En résumé, Me Potter signale que les entreprises, qu'elles soient importatrices ou exportatrices, devront se montrer encore plus vigilantes.

«Le droit de dumping et d'antisubvention ne va pas mourir parce qu'on élargira les frontières du commerce!», lance-t-il en boutade.

Protéger les marques de commerce

Mais là ne s'arrêtent pas les préoccupations des avocats qui conseillent leurs clients tournés vers les marchés planétaires, ou qui craignent les contrecoups de l'entrée massive de produits dans leurs propres marchés.

«Nous disons à nos clients qu'ils doivent protéger leurs marques de commerce, s'ils décident d'aller en Chine, par exemple, pour éviter que quelqu'un d'autre, qui serait mal intentionné, se l'approprie frauduleusement», souligne, de son côté, l'avocate Micheline Dessureault, directrice du département de propriété intellectuelle et des affaires internationales chez Joli-Coeur Lacasse, à Québec. C'est la première chose à faire.

«Ça ne coûte pas une fortune pour enregistrer son nom, calcule-t-elle. Ça peut nécessiter un déboursé de tout au plus 5000$, sur le continent européen.»

La marque de commerce fait partie des nombreux éléments qui doivent être pris en compte, précise l'avocate qui pratique depuis 30 ans. «Nous aidons les entreprises à mesurer tous les aspects légaux liés à leurs projets d'exportation, explique-t-elle. Ça peut signifier la création d'une société à l'étranger, ou encore ouvrir une usine aux États-Unis.»

Experts d'industries

Chose certaine, la ratification de traités internationaux va amener de l'eau au moulin - et une occasion de hausser leurs revenus de tarification - au sein des cabinets d'avocats tournés vers le commerce.

«Ça exige que les cabinets investissent plus d'efforts et d'énergie pour mener leurs dossiers, relativise l'avocat Clemens Mayr, également chez McCarthy Tétrault. Il ne suffit plus d'être d'excellents avocats, mais aussi des experts d'industries.

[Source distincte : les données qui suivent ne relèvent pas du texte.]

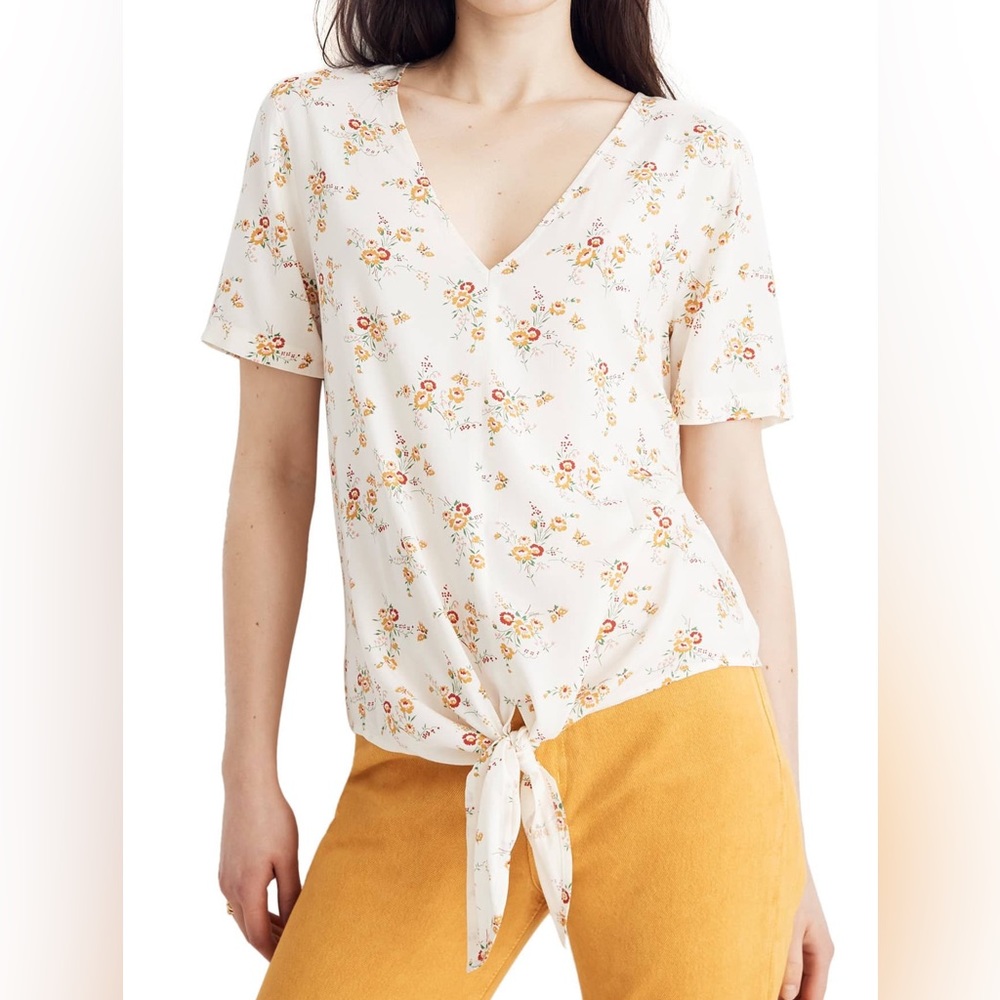 Madewell Novel Tie-Front Top in Windowbox Floral Springy Mustard Yellow Small - Picture 3 of 8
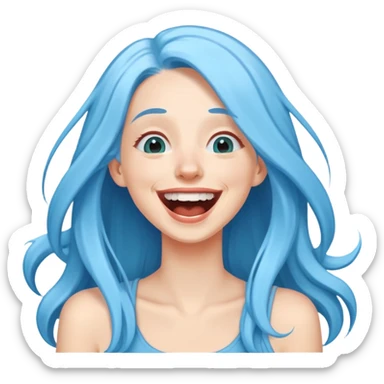 White 30 year old woman with long sky blue hair laughing hysterically  sticker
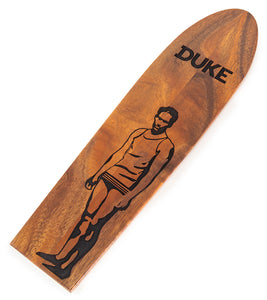 Duke Koa Surfboard Serving Board - Duke Standing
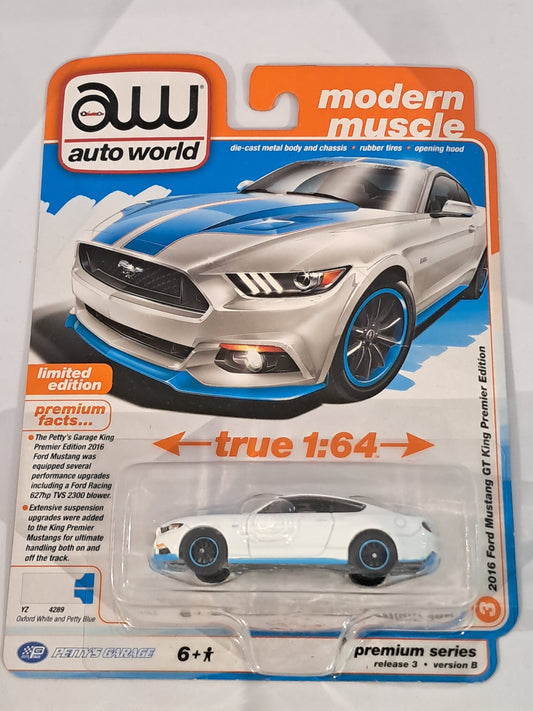 Oxford White and Petty Blue 2016 Ford Mustang GT King Premier Edition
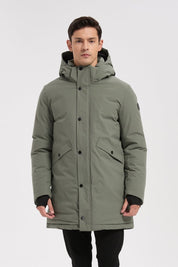 Parka longue vert homme à capuche HUGUES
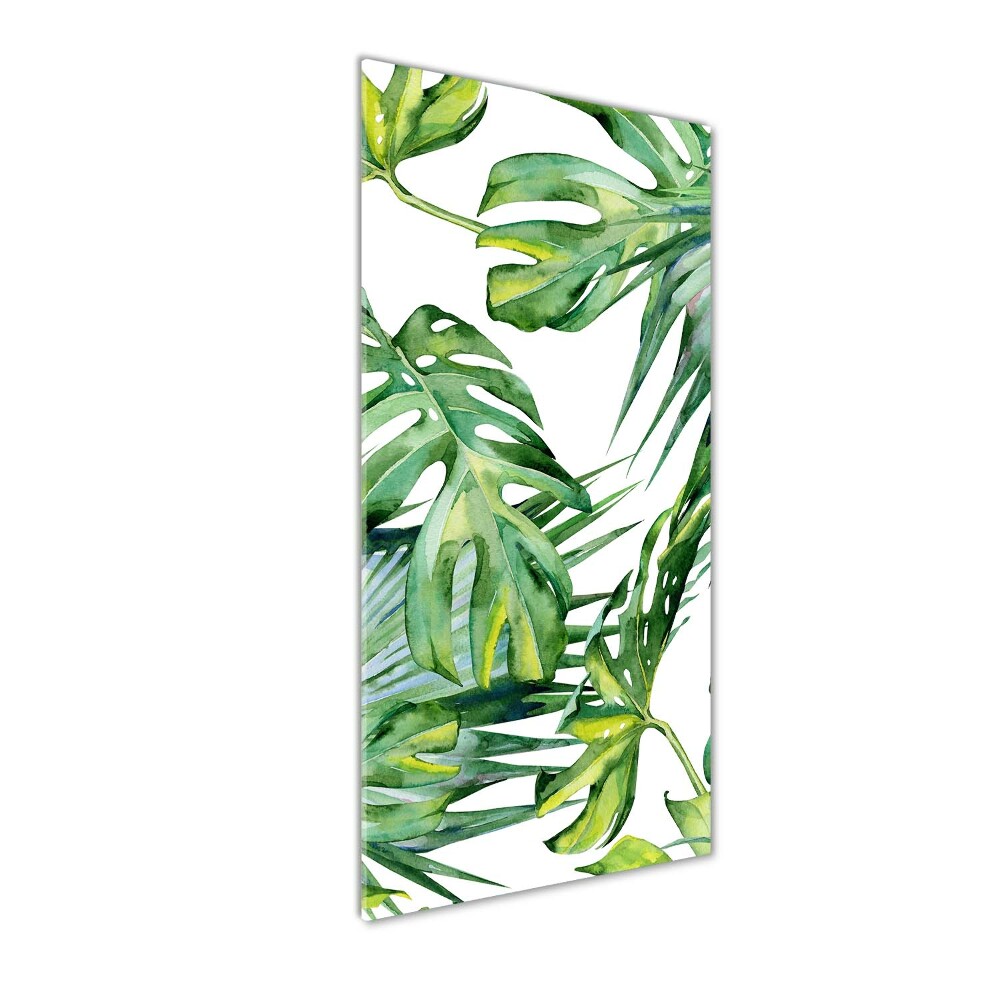 Tableau acrylique Feuilles de monstera peintes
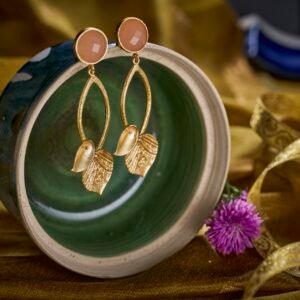 Earrings peach stone petal leaf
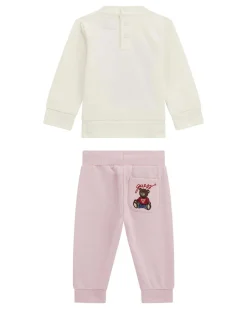 Completo in puro cotone con maglia e jogger con orsetto e scritta logo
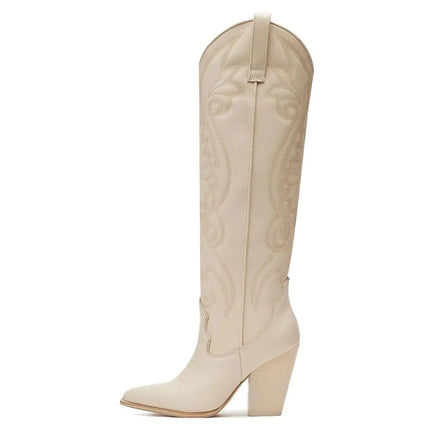 VOMIRA Knee High Cowboy Boots for Women Pointed Toe Chunky High Heels Pull - on Embroidered Boots Western Boots Wide Calf Cowgirl Boots - Lamarshop1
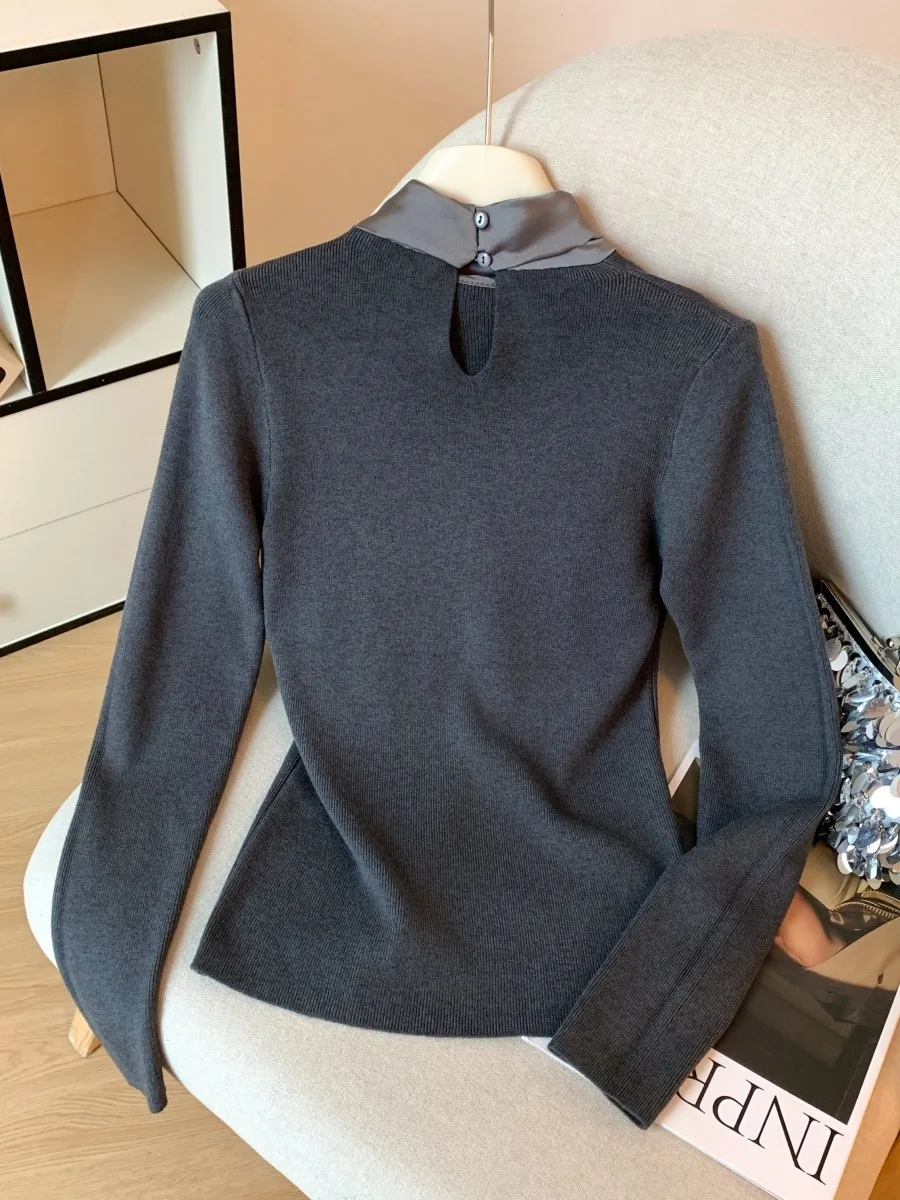 

Sweaters Jumpers Pullovers Women Old Money Damen Jerseys Grey Destroyed Edge Concert Festival Daily Rock Band Alternative Punk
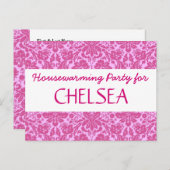 Party mit rosa Damast A04 Ankündigungspostkarte (Vorne/Hinten)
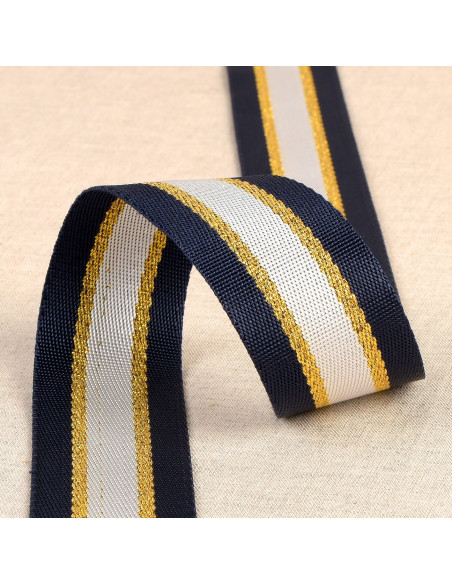 Sangle bandoulière métal, 40mm, marine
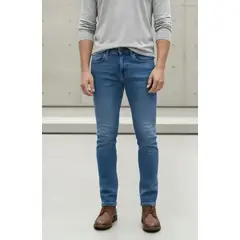 ASLAND - Pantalón Jeans Hombre slim Elasticado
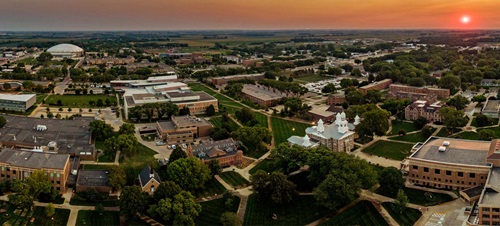 Aerial View of Campus at Sunset.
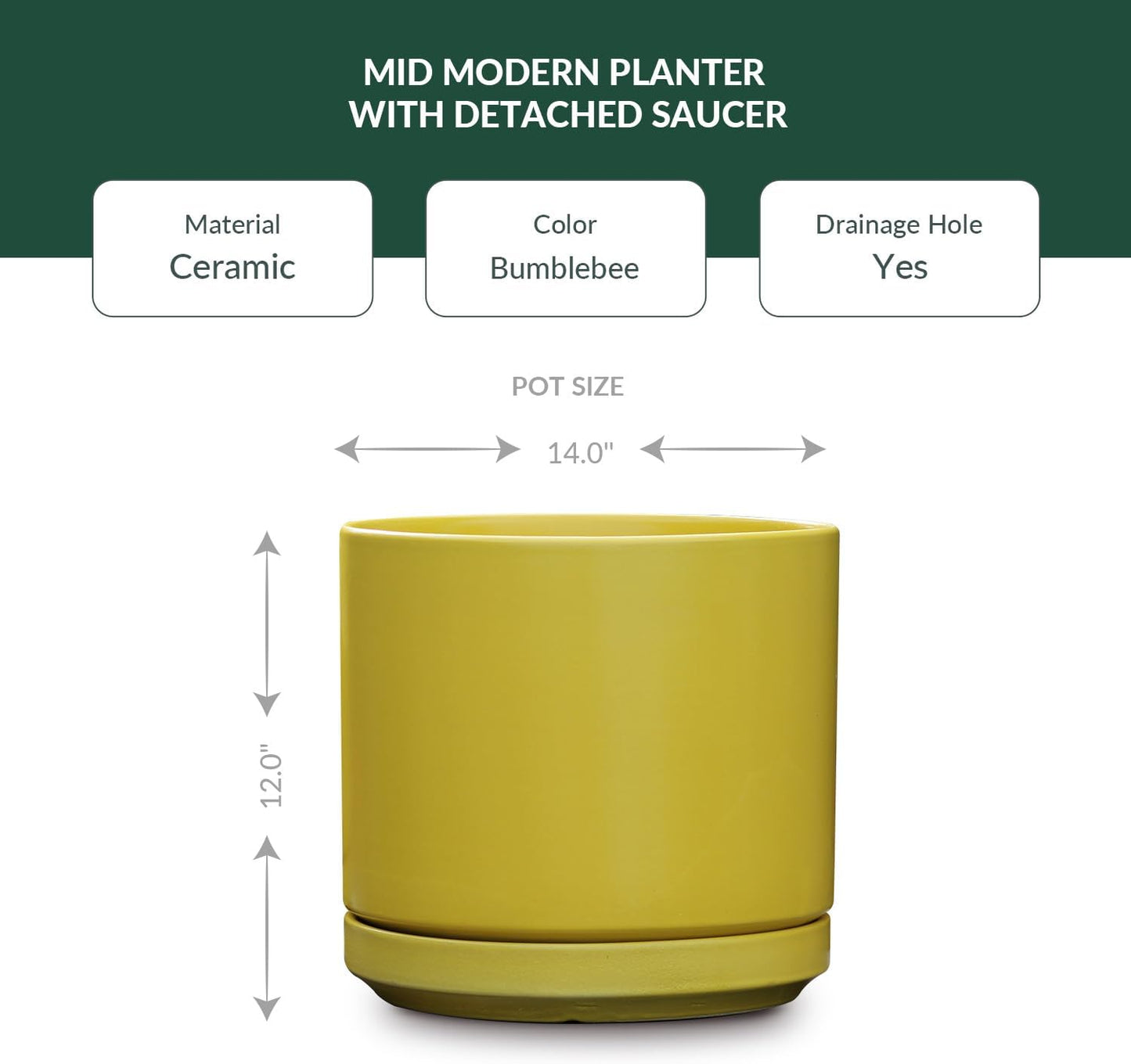 Mid Modern Planter with Detached Saucer (Bumblebee,14.0" D x 12.0" H)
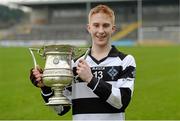 27 February 2016; St Kieran's hurler Seán Carey, son of former Kilkenny hurler DJ Carey, with the cup after the game. Top Oil Leinster Colleges Senior A Hurling Championship Final, St. Kieran’s v Kilkenny CBS, Nowlan Park, Kilkenny. Picture credit: Piaras Ó Mídheach / SPORTSFILE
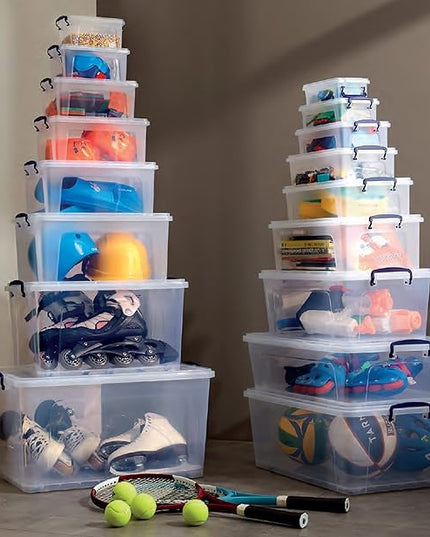 Superio Storage Bins with Lids- Clear Boxes for Organizing, Stackable Plastic Containers- BPA Free, Non-Toxic, Odor Free, Organizer for Home, Office, Dorm (6 Pack, 60 Qt (Wheeled))
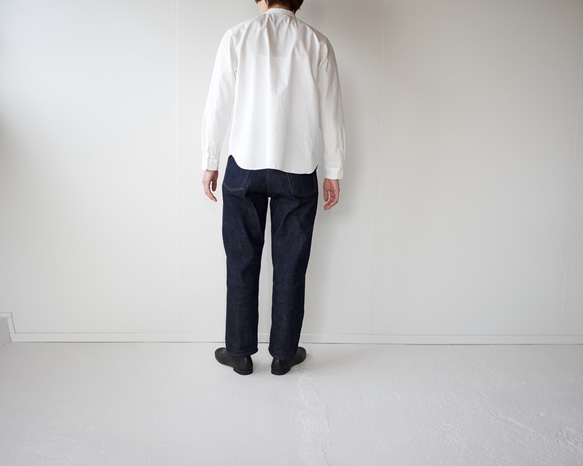 weather cloth cotton linen/raglan shirt/white 4枚目の画像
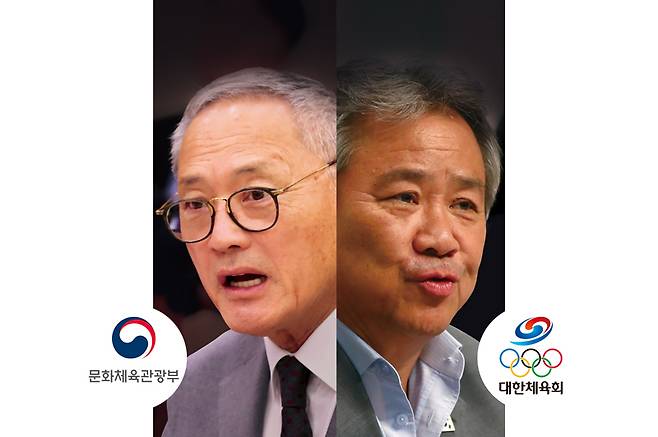 유인촌 문화체육관광부 장관(왼쪽), 이기흥 대한체육회 ⓒ시사저널 박은숙·연합뉴스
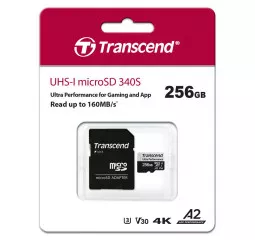 Карта памяти microSD 256Gb Transcend 340S C10 UHS-I U3 V30 A2 340S + SD адаптер (TS256GUSD340S)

«Mais si on ne s'adapte pas, on perd des marchés», relève-t-il. Mais à l'inverse, les cabinets d'avocats qui sont montés dans le train de la mondialisation seront les premiers à en récolter les dividendes.

Or, ces négociations à l'international demandent de nombreux déplacements. «Il ne faut pas avoir peur de prendre l'avion, d'aller là où souhaitent aller nos clients, souligne Me Mayr. Il y a une règle à respecter. Si on veut bâtir notre crédibilité, nous nous devons de bien connaître leur business et les enjeux de l'industrie.»

La pression

Pour sa part, l'avocat Éric Bédard, associé directeur chez Fasken Martineau, observe que la mondialisation des échanges commerciaux crée de la pression, non seulement au sein des entreprises elles-mêmes, mais aussi chez les grands cabinets d'avocats qui conseillent leurs clients.

«Les enjeux réglementaires sont grands et multiples, constate-t-il. Cela exige qu'on ait des équipes multiservices, comme c'est le cas chez nous, pour trouver des pistes de solution.»

Mais il n'y a pas de formule miracle en droit des affaires, fait-il valoir. «Nous suivons en quelque sorte l'économie, donne-t-il en image. On essaie d'être en phase avec les entrepreneurs et les entreprises. Ce sont les entreprises qui commandent des services professionnels aux firmes d'avocats.»